:: The data ::
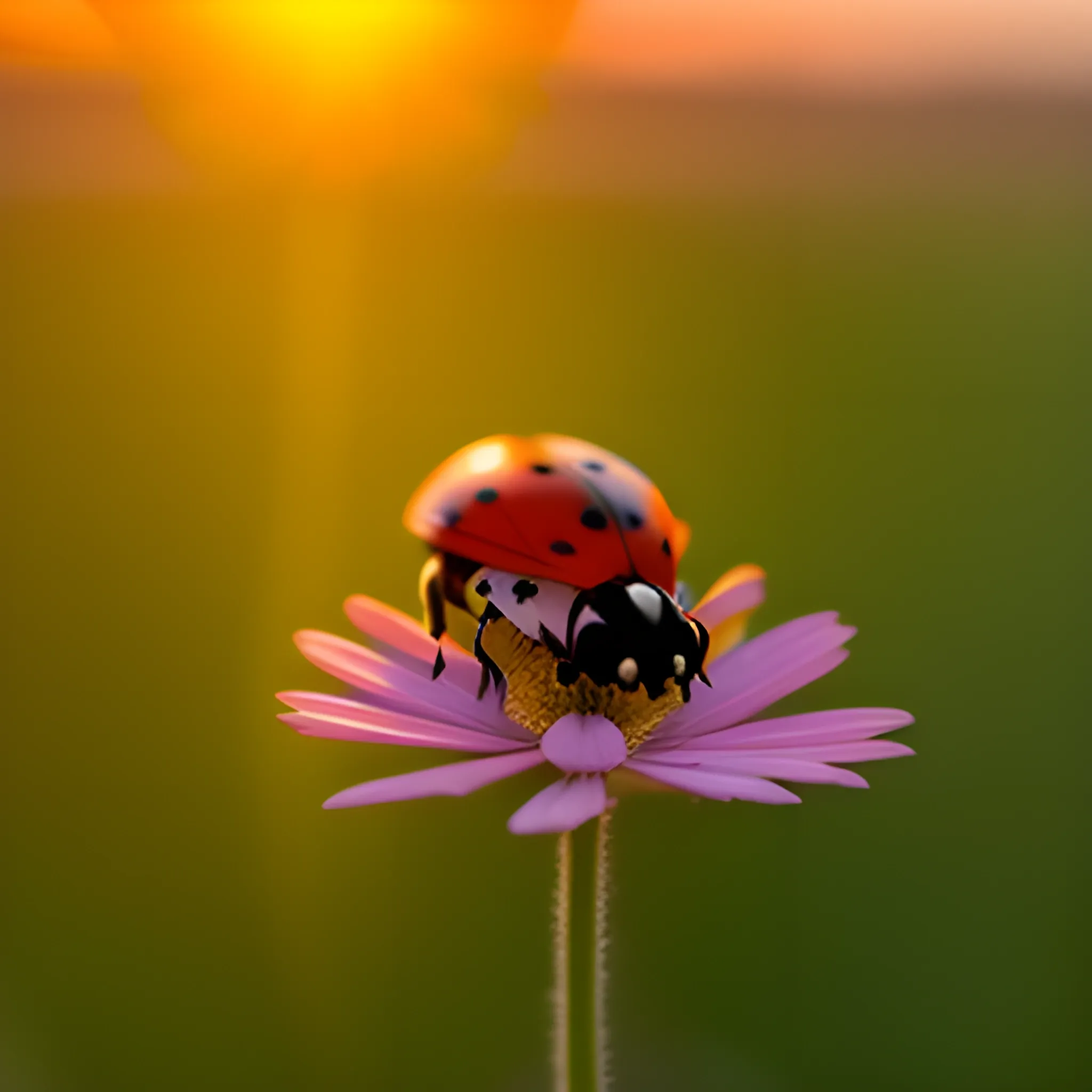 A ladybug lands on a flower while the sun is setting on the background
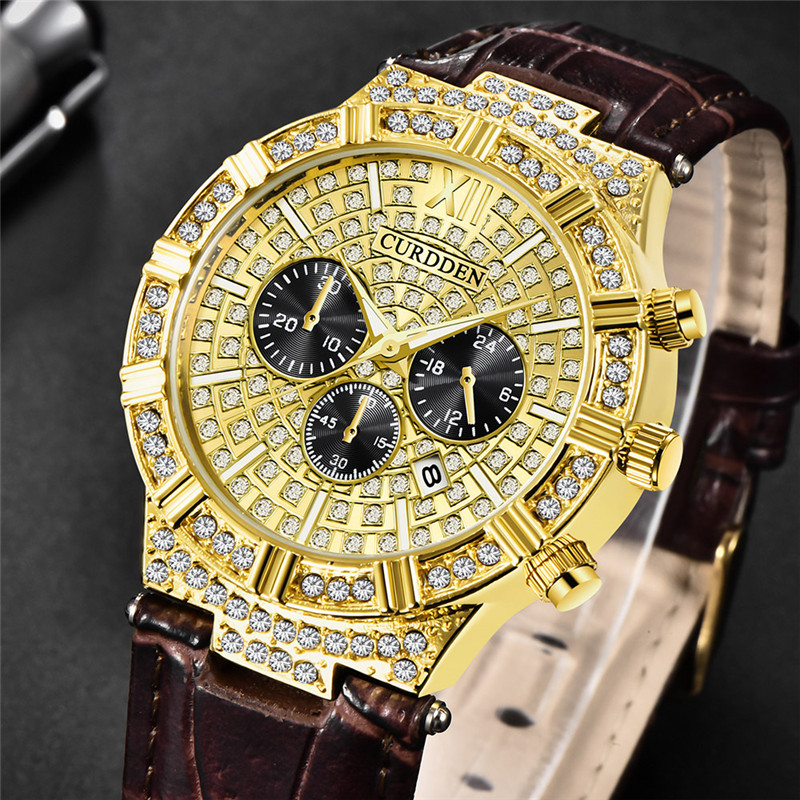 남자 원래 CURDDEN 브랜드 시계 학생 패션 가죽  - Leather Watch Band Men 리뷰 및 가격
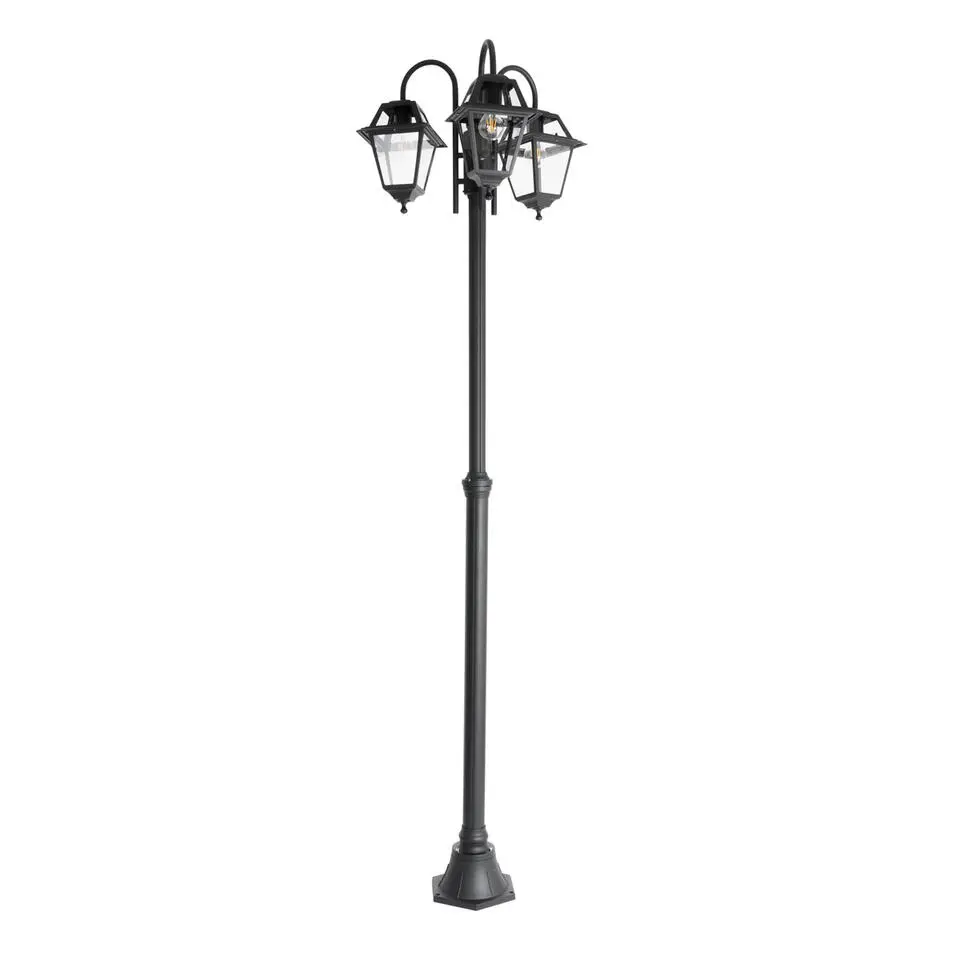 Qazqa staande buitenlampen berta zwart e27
:::
**About this exercise:**
Without any pictures, transcribe the listing above exactly as written.

**Expected answer:**
 A ladybug lands on a flower while the sun is setting on the background
 남자 원래 CURDDEN 브랜드 시계 학생 패션 가죽  - Leather Watch Band Men 리뷰 및 가격
 Qazqa staande buitenlampen berta zwart e27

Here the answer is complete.